30 May 2013
Welcome to my home state of Victoria, Australia's hub of art and culture, lane-way cafes and wonderful coffee, Aussie Rules football, the miraculous Leadbeater's possum, and magnificent forests. And also, after law changes in 2011, one of the most difficult places in the world to build a wind farm.
Back in 2011, the then-premier of Victoria, Ted Baillieu, enacted laws that, according to The Conversation website, effectively imposes a blanket ban on wind farms in many parts of the state:
- They effectively give the owners of any dwelling within 2km of a proposed wind farm the power to decide whether or not the development should proceed.
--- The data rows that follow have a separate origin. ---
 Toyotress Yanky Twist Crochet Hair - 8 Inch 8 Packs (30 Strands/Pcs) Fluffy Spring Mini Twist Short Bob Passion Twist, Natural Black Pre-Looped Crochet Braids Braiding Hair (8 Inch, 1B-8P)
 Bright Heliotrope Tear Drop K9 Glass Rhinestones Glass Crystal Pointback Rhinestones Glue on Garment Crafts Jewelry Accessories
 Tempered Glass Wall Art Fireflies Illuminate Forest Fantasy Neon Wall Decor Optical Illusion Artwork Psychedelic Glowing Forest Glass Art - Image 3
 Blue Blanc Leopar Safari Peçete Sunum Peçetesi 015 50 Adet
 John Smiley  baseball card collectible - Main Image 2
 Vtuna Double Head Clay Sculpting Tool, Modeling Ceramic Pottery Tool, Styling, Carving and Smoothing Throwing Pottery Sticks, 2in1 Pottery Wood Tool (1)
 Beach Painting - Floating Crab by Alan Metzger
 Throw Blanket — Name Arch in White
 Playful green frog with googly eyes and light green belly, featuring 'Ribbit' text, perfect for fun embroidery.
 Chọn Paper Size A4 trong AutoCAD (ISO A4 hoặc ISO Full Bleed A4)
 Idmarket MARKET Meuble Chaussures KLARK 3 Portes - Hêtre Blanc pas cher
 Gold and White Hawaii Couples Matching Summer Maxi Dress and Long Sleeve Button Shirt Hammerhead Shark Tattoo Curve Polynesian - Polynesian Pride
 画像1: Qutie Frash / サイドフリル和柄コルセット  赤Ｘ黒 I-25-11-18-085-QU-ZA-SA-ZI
The laws were part of the conservative Liberal-National coalition's 2010 election platform to "restore fairness and certainty to the planning process for wind farms". The laws have definitely provided certainty.
A recent report commissioned by the opposition planning spokesperson Brian Tee, demonstrates the kind of certainty that banning wind farms can bring:
- While the Baillieu Government's reforms were targeted at new wind farms, they have had a major impact on those who already had permission to develop wind farms, prohibiting the extension of permits and making it harder for developers to make small changes to their planning approvals to incorporate state of the art technology and improve efficiency.
If a wind farm company wants to amend their permit or get an extension, they have to apply under the new constraints. The impact of the laws has been to not only stop the development of new wind farms but to also hinder the development of farms already approved.
Andrew Bray, state coordinator of non-profit pro-wind farm community group VicWind noted that many developments that were approved under the earlier laws now would have no chance under the new regime. "Technology has moved on substantially since granting of permits 3-5 years ago", said Bray, "so developers want to alter key aspects such as number of turbines, often using higher capacity turbines to decrease the total number of turbines, turbine placement, or blade tip height to improve viability of the project".
The chilling effect of these planning laws is plain. Only one application to build a new wind farm has been made since the new laws came into effect.